Return, unchanged and with no pictures, the lines below from the very first through the one that contains "Parasol de jardin".

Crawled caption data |
______
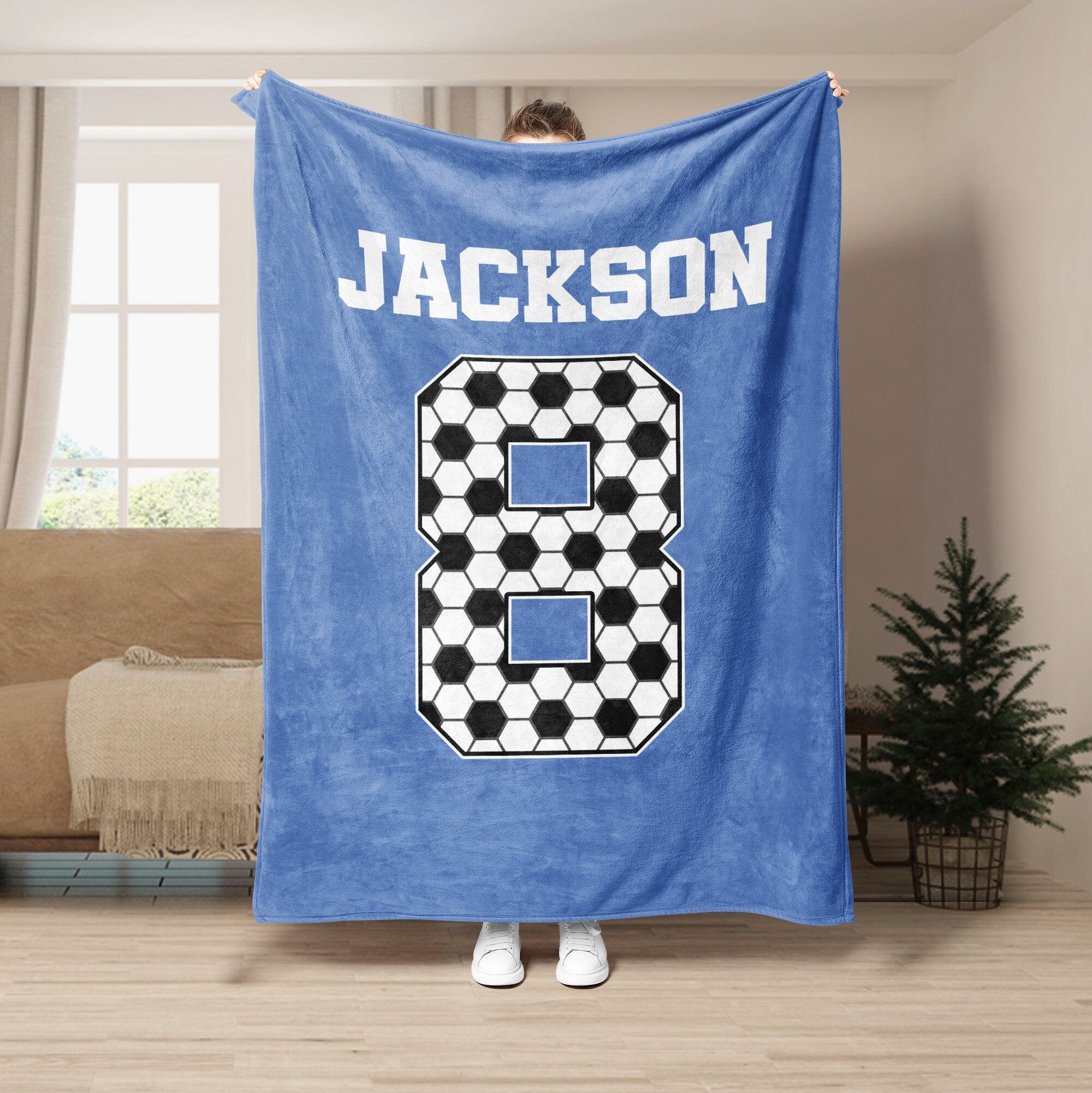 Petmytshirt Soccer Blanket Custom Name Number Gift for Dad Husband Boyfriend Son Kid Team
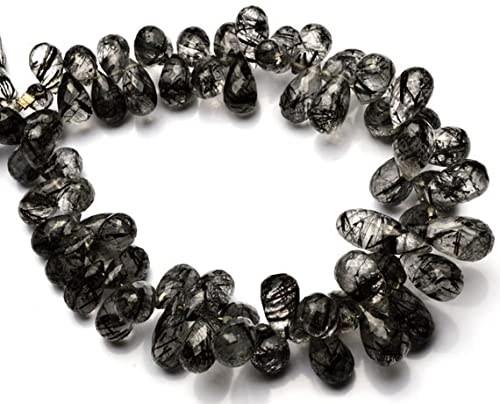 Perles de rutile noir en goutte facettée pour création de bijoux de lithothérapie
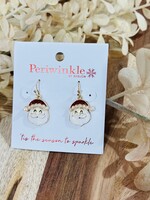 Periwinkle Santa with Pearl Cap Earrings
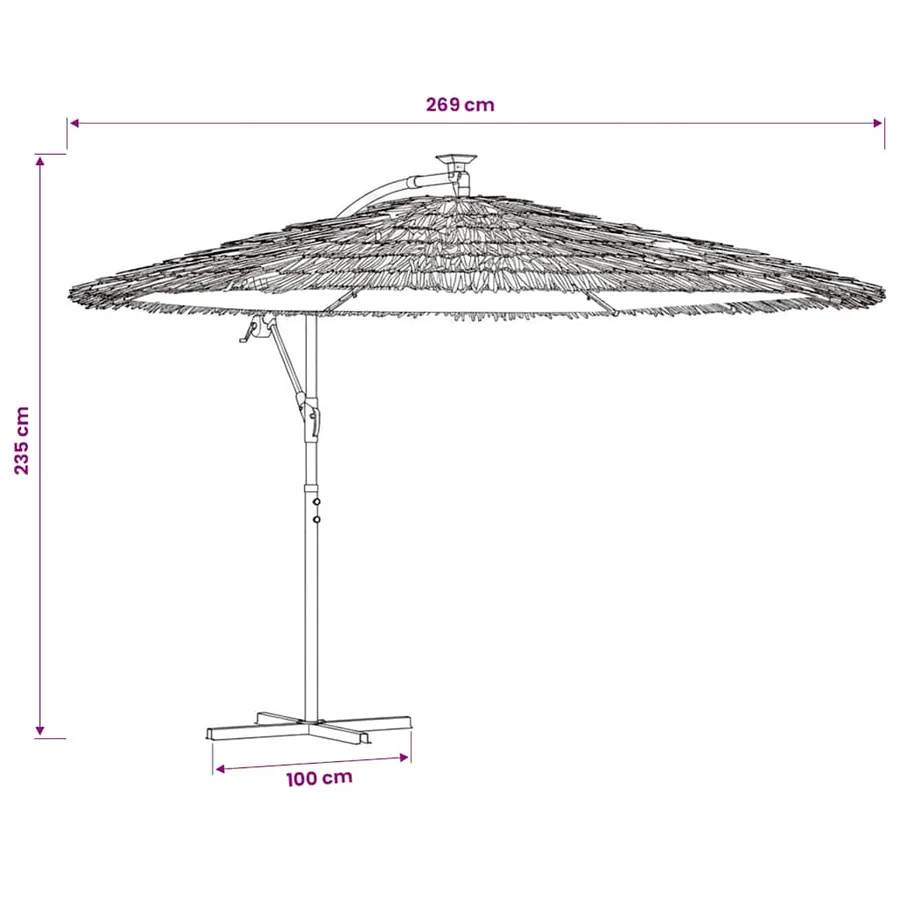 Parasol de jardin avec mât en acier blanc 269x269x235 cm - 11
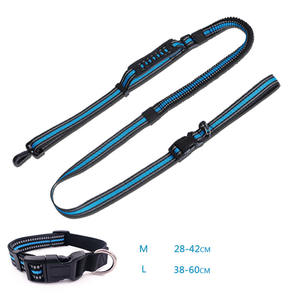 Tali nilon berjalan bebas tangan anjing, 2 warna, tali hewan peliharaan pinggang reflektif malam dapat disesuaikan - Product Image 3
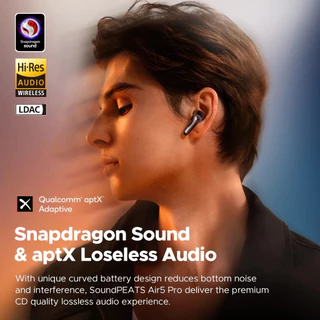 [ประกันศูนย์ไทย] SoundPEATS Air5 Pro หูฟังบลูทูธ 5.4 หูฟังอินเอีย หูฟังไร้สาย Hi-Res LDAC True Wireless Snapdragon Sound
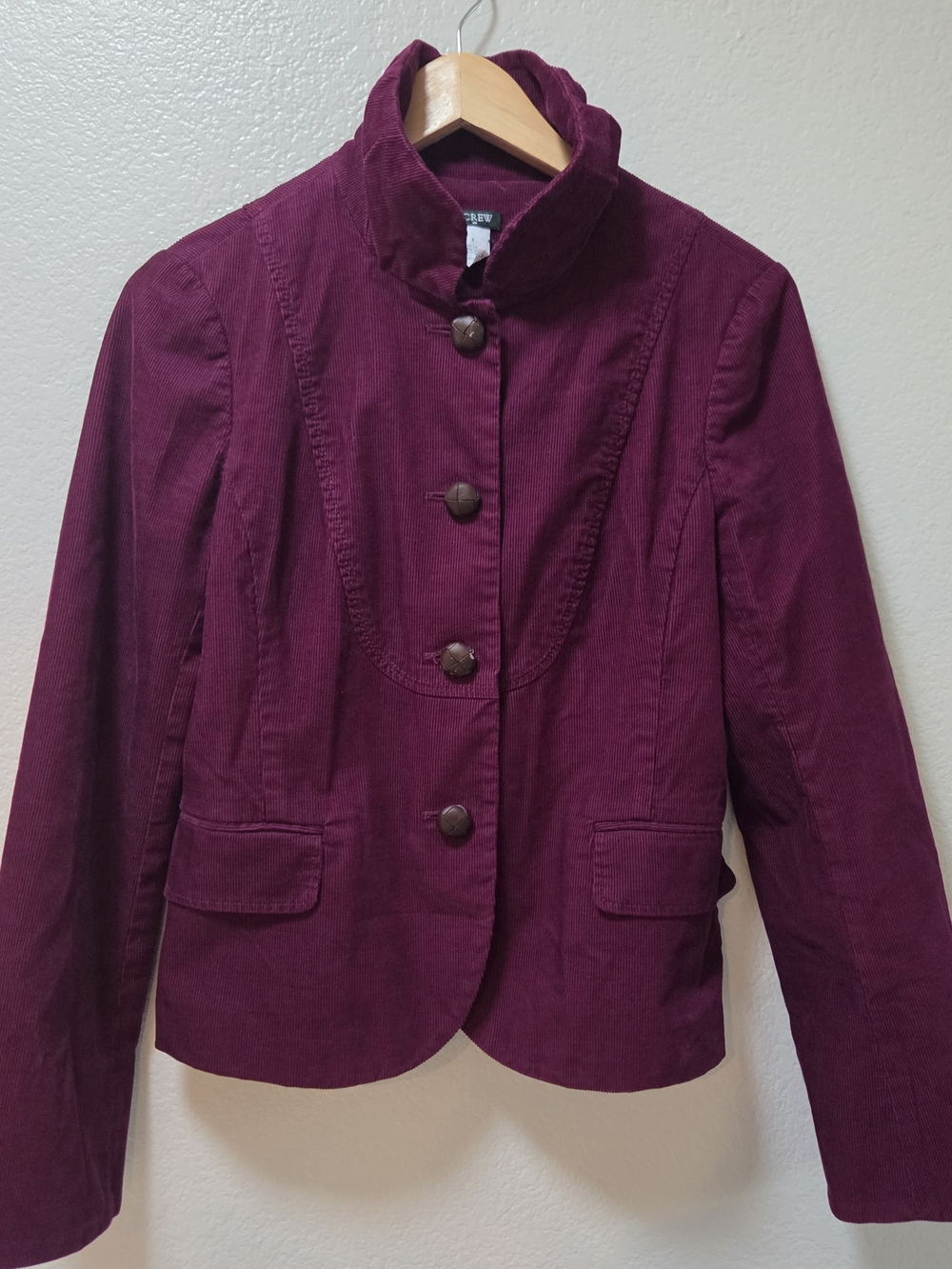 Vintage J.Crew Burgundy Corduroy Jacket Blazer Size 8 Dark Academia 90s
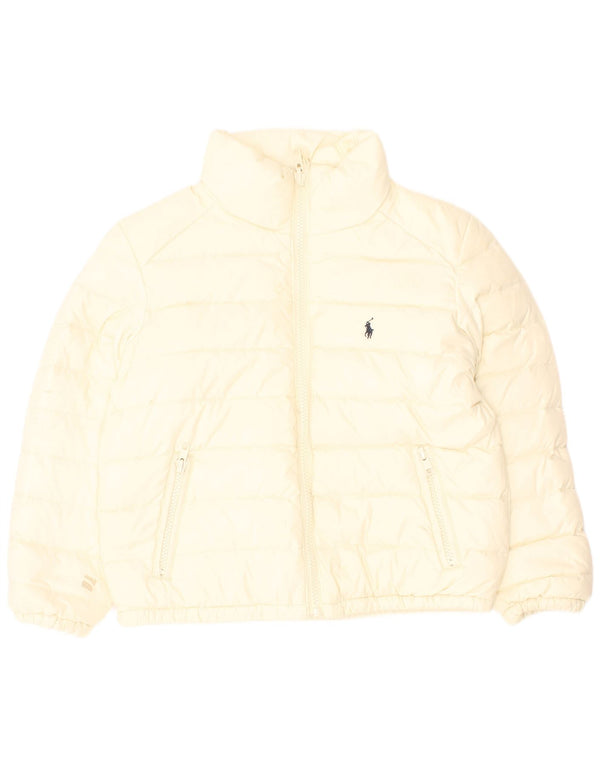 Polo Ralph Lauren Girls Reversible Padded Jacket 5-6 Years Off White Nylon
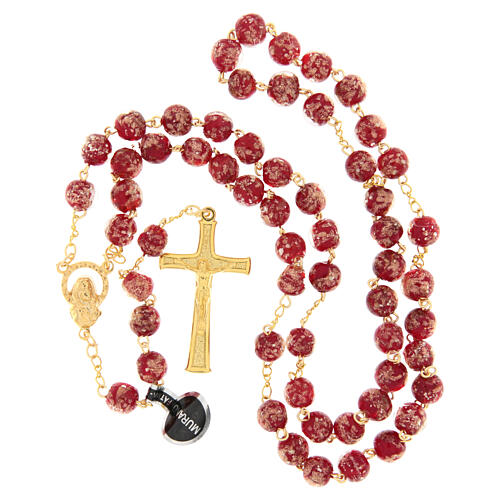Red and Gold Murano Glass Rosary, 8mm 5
______
Result for this task |
 Petmytshirt Soccer Blanket Custom Name Number Gift for Dad Husband Boyfriend Son Kid Team
 Perles de rutile noir en goutte facettée pour création de bijoux de lithothérapie
 Periwinkle Santa with Pearl Cap Earrings
 Parasol de jardin avec mât en acier blanc 269x269x235 cm - 11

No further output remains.